# Sound and Video cut out with new receiver



## ticopowell (Jan 3, 2013)

Hey all,
I bought a new Yamaha receiver to go in the bedroom. I have a PS3 80GB and a Sony Bravia 46" tv with it. I noticed this with my other receiver, a Pioneer, about once a month, but the new one seems to cut out at least once every few hours... Usually during an important part of the movie/show! I am using about 5' monster cables($7 a piece from Fry's on Black Friday, got them when I got the receiver), and I can't see anything except the hdmi logo on the receiver turn off then back on when it happens, it only lasts about a second, maybe two. Let me know if you have any ideas. Thanks!


----------



## ticopowell (Jan 3, 2013)

nobody has any idea what this is? I may have forgotten to say that it is a yamaha rx-v371.


----------



## tonyvdb (Sep 5, 2007)

I would try swapping out the HDMI cable with a different one. Trust me Monster does not necessarily mean its any better quality.


----------



## ticopowell (Jan 3, 2013)

which cable? the one from the ps3 to the receiver, or receiver to tv? I would guess from the ps3 to the receiver.


----------



## tonyvdb (Sep 5, 2007)

it could be either. try one and if that does not fix it try the other.


----------



## ticopowell (Jan 3, 2013)

I tried that, it seems to help a little bit, I have tried switching both cables out but there doesn't seem to be much difference between the two.

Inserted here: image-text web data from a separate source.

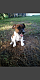 Jack Russell Terrier Puppies for sale in Brownstown, IN 47220, USA. price: $400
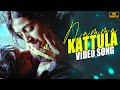Namma Kattula Song 4k Video Song Pattiyal Yuvan Shankar Raja Arya Bharath Pooja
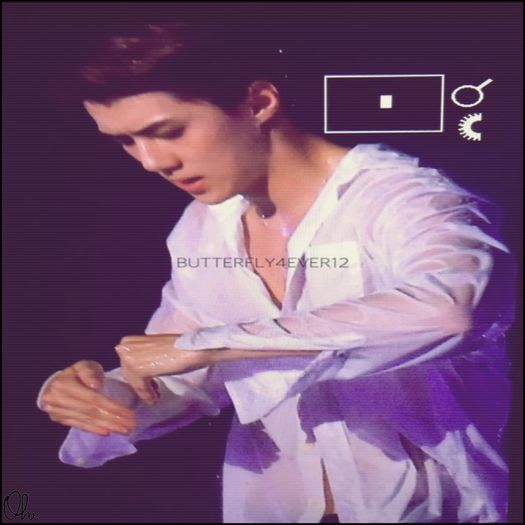 ╳ 100 days l 26.11.2015 ╳ - I just love the sound of your voice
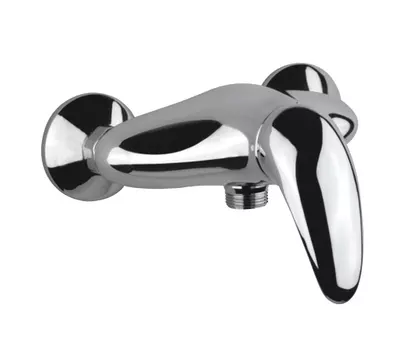 Смеситель Fiore Nexus 43CR1600 для душа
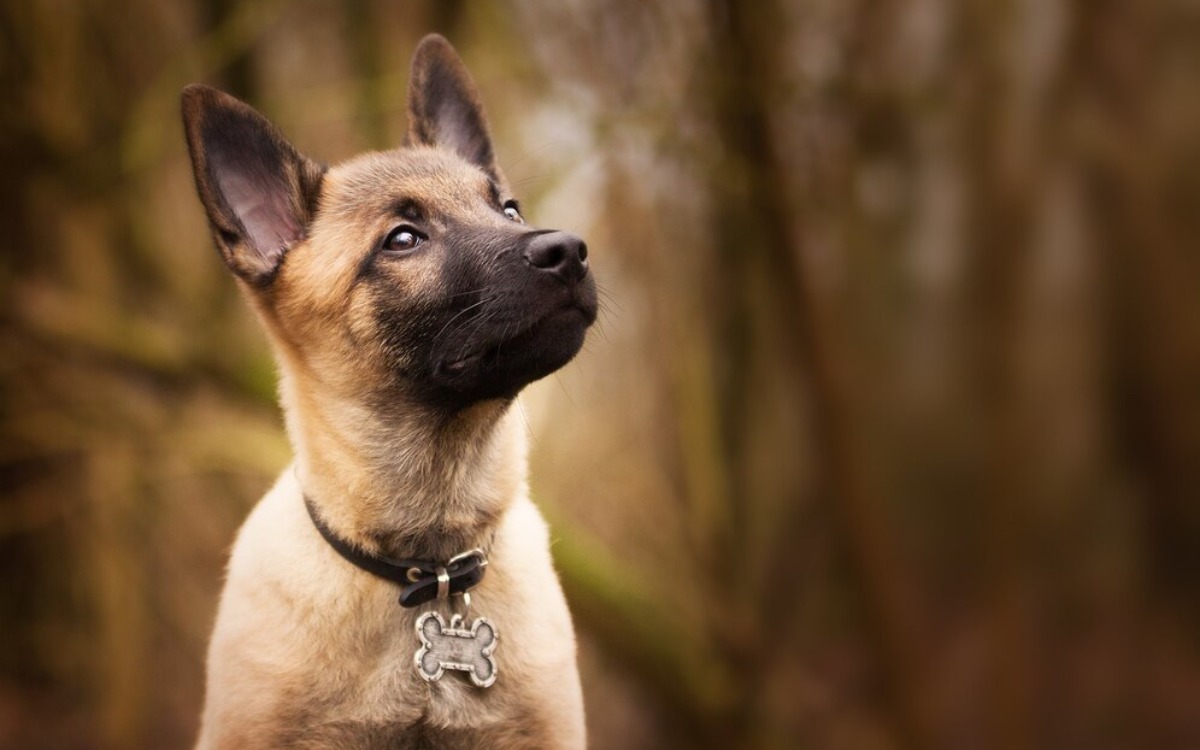 Ni el Border Collie ni el Labrador… el Pastor Belga Malinois sorprende al mundo por esta inesperada razón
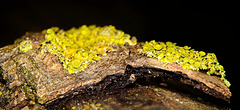 Die Flechten haben sich auf die Rinde gelegt :))  The lichens have settled on the bark :))  Les lichens se sont posés sur l'écorce :))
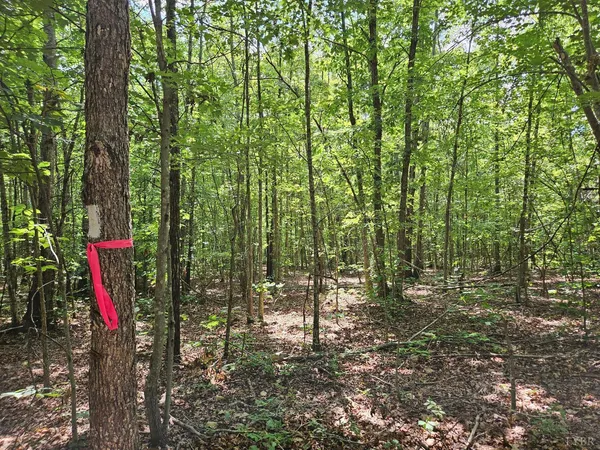 a view of outdoor space with lots of trees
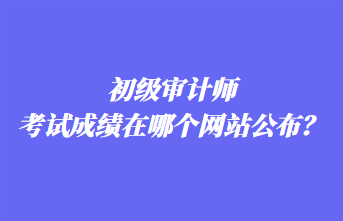 初级审计师考试成绩在哪个网站公布？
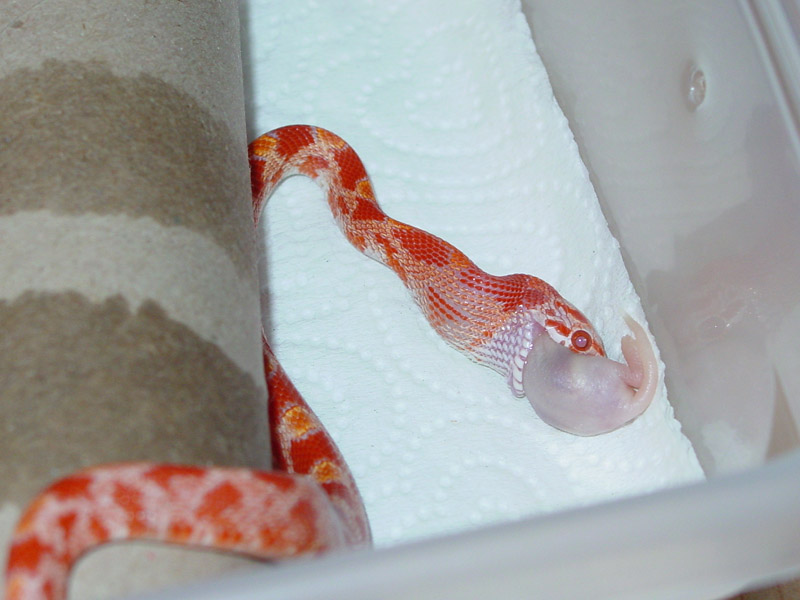 Fire Eating His Washed Meal!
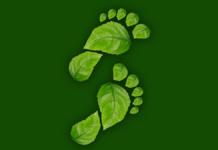How Energy Efficient Printers Lower Costs and Carbon Footprints Efficiency and sustainability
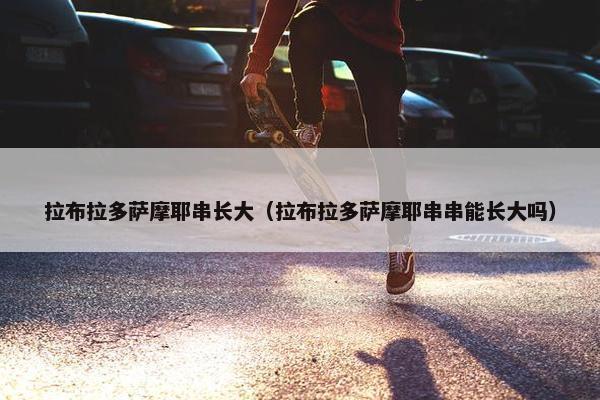 拉布拉多萨摩耶串长大（拉布拉多萨摩耶串串能长大吗）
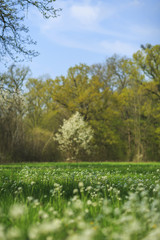 Vibrant green foliage and wild flowers in a forest in spring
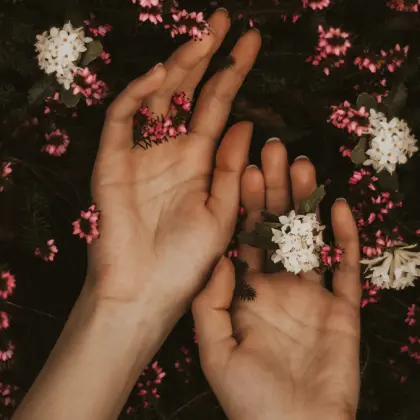 Jill Stout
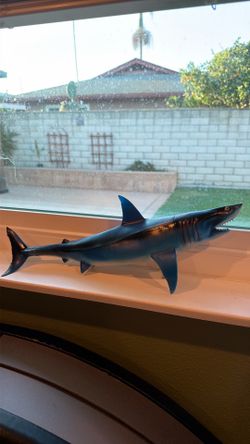 Shark toy
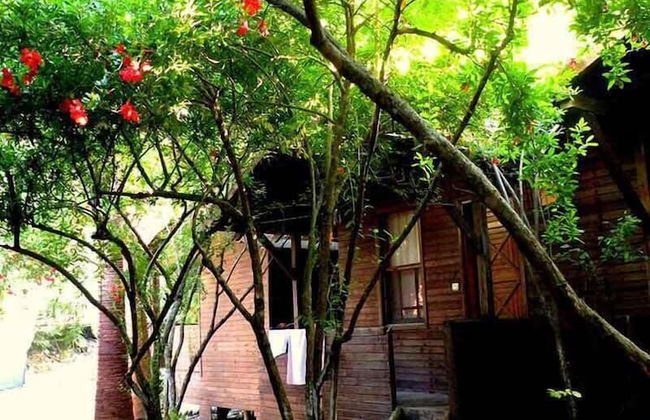 Sheriff Olimpos - Photo 5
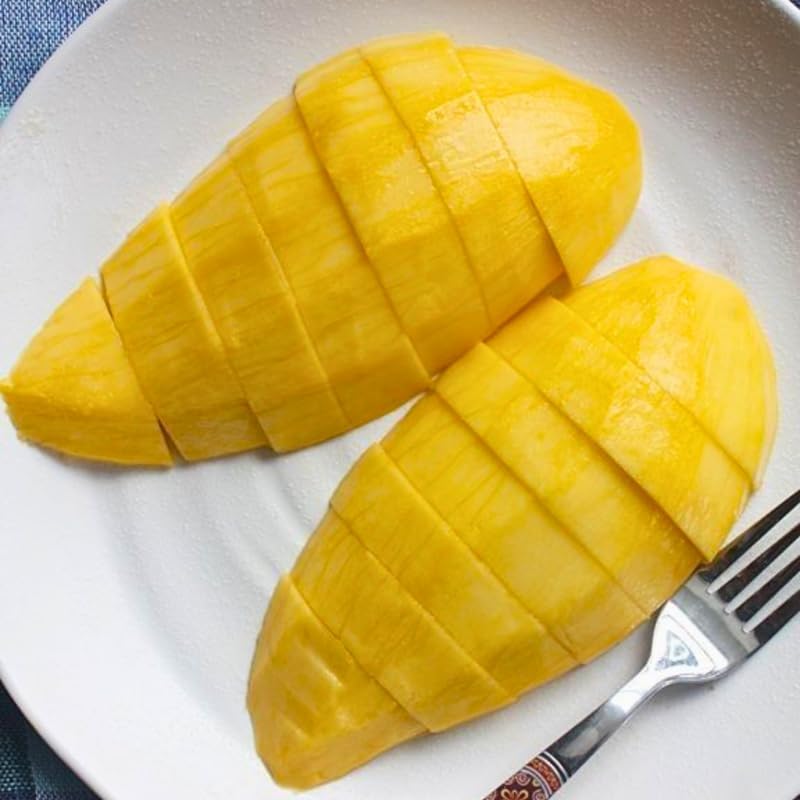 Mallika Mango Trees Live Plants |Sweet Fruit Tree 2.5–3 Ft Tall | Compact Tropical Mango Variety with Rich, Aromatic Fruit | Ideal for Yard, Patio & Warm-Climate Gardens | No Ship CA, HI, AK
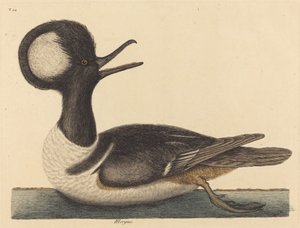 Den runde kamand (Mergus cucullatus) af Mark Catesby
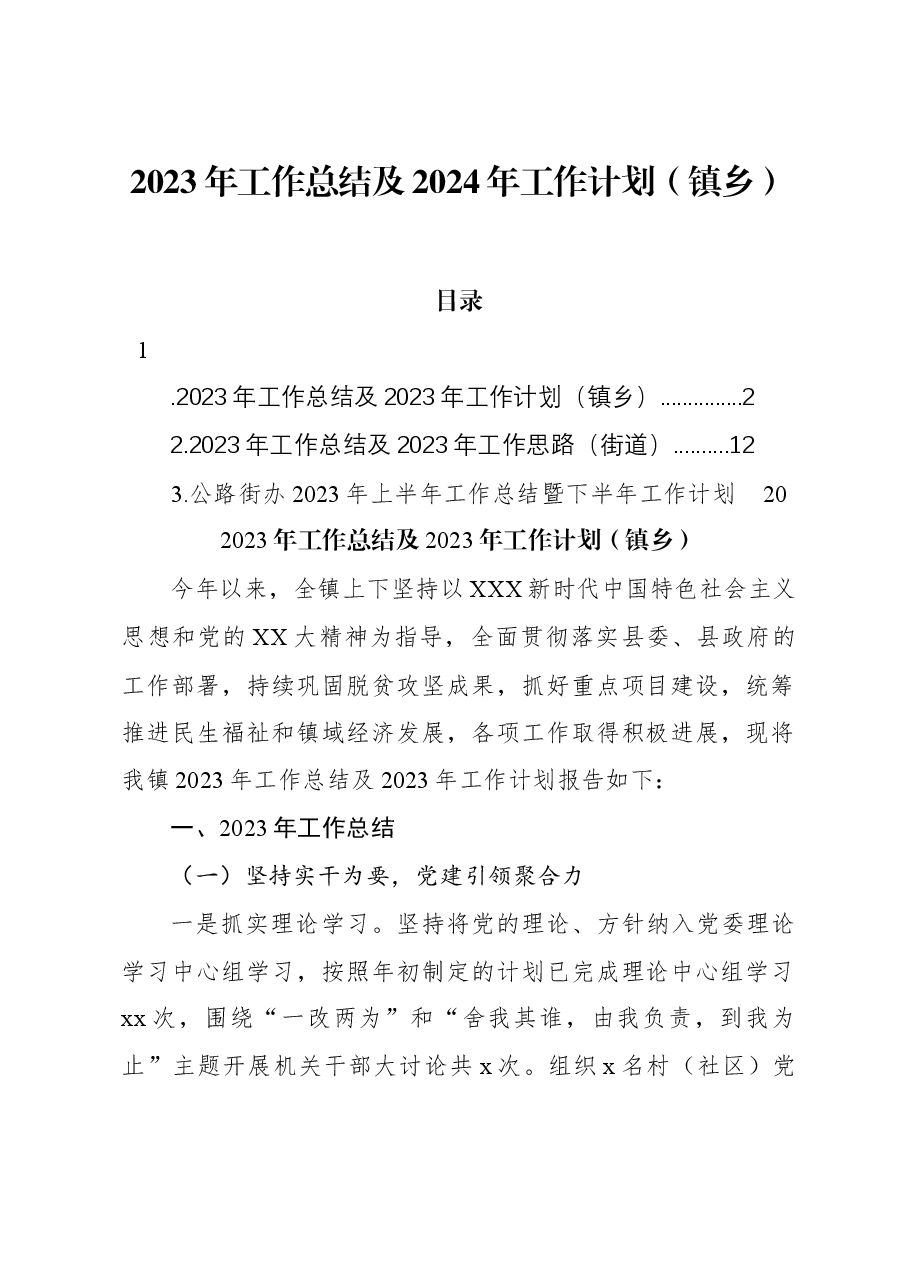 2023年工作总结及2024年工作计划(镇乡).docx,第1页预览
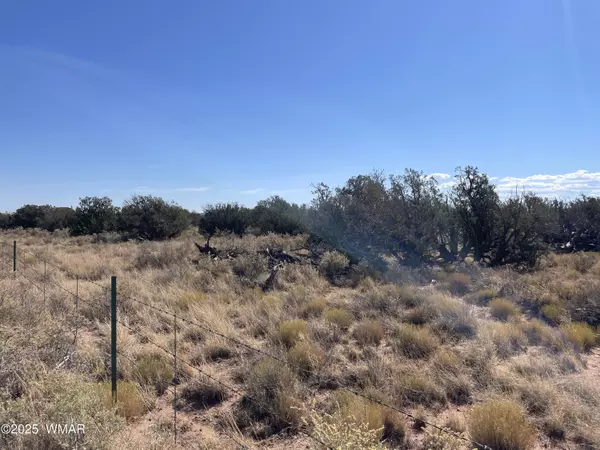 Snowflake, AZ 85937,8561 E Concho Highway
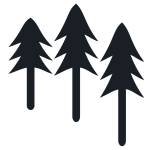 Simple pine trees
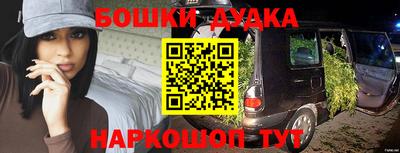 шишки Кингисепп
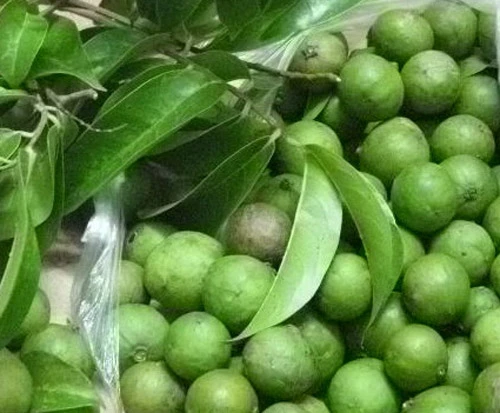 NH_NG QU_ S_U BAO T_ XANH NON.jpg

I guess I should call monster and get new cables. Thanks for the help.


----------



## NBPk402 (Feb 21, 2012)

I would just get a new set from Monoprice... It will cost you pennies compared to the Monster and they will work fine. If they don't cure the problem I would say it is a mechanical problem. Have you tried hooking up a dif source to the receiver? Have you tried hooking up the PS3 to a dif input on the receiver or maybe even directly to the tv?

I have had Monster cables fail on me but never a Monoprice cable and the Monoprice cable picture looked the same as the Monster cable product to me.


----------



## ticopowell (Jan 3, 2013)

That is what i am leaning towards. I only got them because they were like $7 a piece. I checked out monoprice and they have so many options that I am not sure what would be better to buy. Are the ferrite cables that much better?


----------



## NBPk402 (Feb 21, 2012)

I would just get the inexpensive ones... The Ferrite ones I believe are good around computers to cut interference. I just use the regular ones and they work fine.


----------



## ticopowell (Jan 3, 2013)

Thanks, and the redmere cables? are those for longer distances? that is what I think I understand about those ones. I only have a few feet max in either room. Thanks for the advice.


----------



## ticopowell (Jan 3, 2013)

Well I figured out that the problem is the tv, and it is getting worse. It will lose all sound and video for about half a second, long enough for my wife to reach down and pause the show before it turns back on. I just saw it happen 3 times in less than half an hour. It is a Sony bravia kdl 46v5100. Anyone know of any good repair shops in northern California? Thanks for all the help and advice.

Sent from my awesome phone using HT Shack


----------



## lcaillo (May 2, 2006)

Sorry, but I could not find much info on the servicers in your area. Look for someone who is Sony authorized if possible. They will be most likely to be able to get parts and service support.


----------



## ticopowell (Jan 3, 2013)

Thanks! My wife wants to use it as an excuse to get a new tv for the bedroom so I might have to indulge her on that  lol...


----------